The Cairns branch of the Hemingway’s Brewery will be a much larger operation than its northern counterpart and will be located in Ports North, an area currently undergoing significant redevelopment by the Queensland state government to further open the area for public and commercial use. 

Tony says that with a location right on the waterfront, the new Hemingway’s will act as a hub for the locals and tourists alike.

“We’ve done a really good job with Port Douglas and Cairns is another level,” he says. “The Cairns brewpub will be right on the water as well and it’s a heritage building. 

"We are really community driven. We believe that for any brewery to succeed it needs to be owned by the locals, so that’s our primary focus. 

“While Port [Douglas] only has 5,000 people that live locally, the locals do love the brewery. The town swells to 20,000 people from March through to October but it is the locals we are about, and Cairns will be very much the same.”

Like Cam at Barrier Reef, Tony stresses that it is essential to be aware of who you are selling to. 

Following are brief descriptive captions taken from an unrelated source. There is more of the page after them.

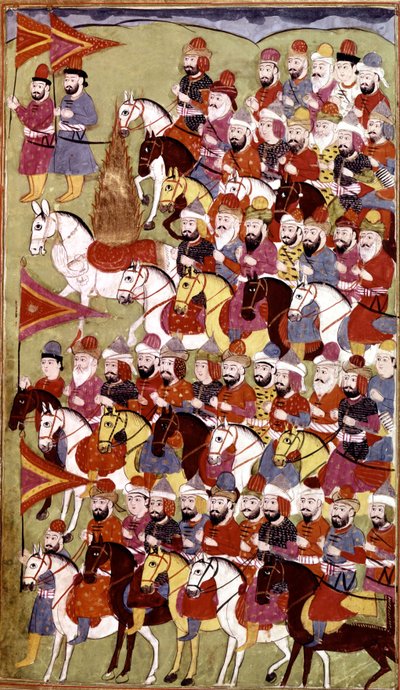 Tarina profeetta Muhammedista, Hamla-i-Haydari, Mirza Muhammad Rafi Bazil, 1808 (muste ja värit paperille) tekijältä Indian School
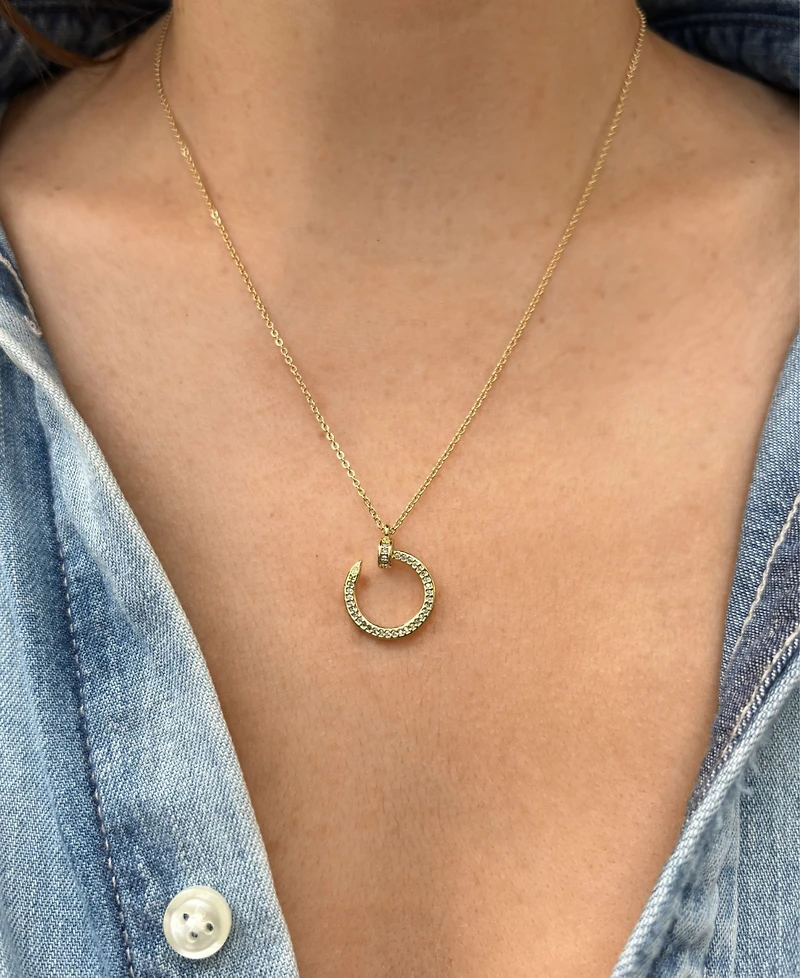 Adornia Gold Cubic Zirconia Curved Nail Ring Necklace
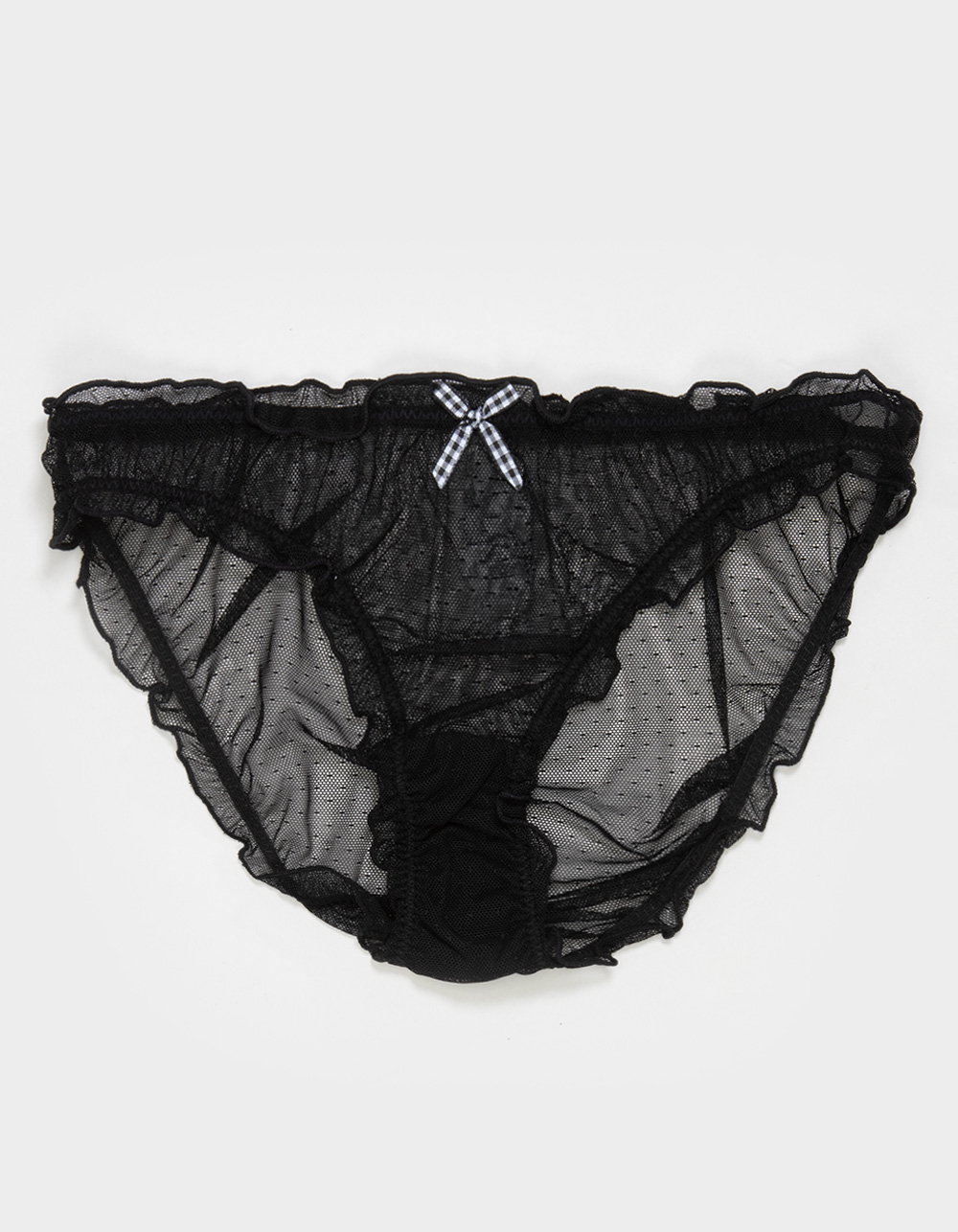 FULL TILT Mesh Dot Gingham Bow Bikini Panties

“You’ve got to brew beer for the climate, and it is really hot here,” Tony says. “Our number one seller is our pilsner, for obvious reasons. Our wheat beer goes really well too and we’ve got a kolsch at the moment that is selling really well.”

For now, Cairns may remain the land of Great Northern, but it may not be king forever. Just this month, Coral Sea Brewing started brewing its first batches of beer. With ex-Gage Roads and Stone & Wood brewer Morgan Hind running the brewery, locals are to get another chance to drink locally made beer. 

And, while winning people over may take time, as Tony points out: “Everyone drinks beer up here, it does go with the climate.”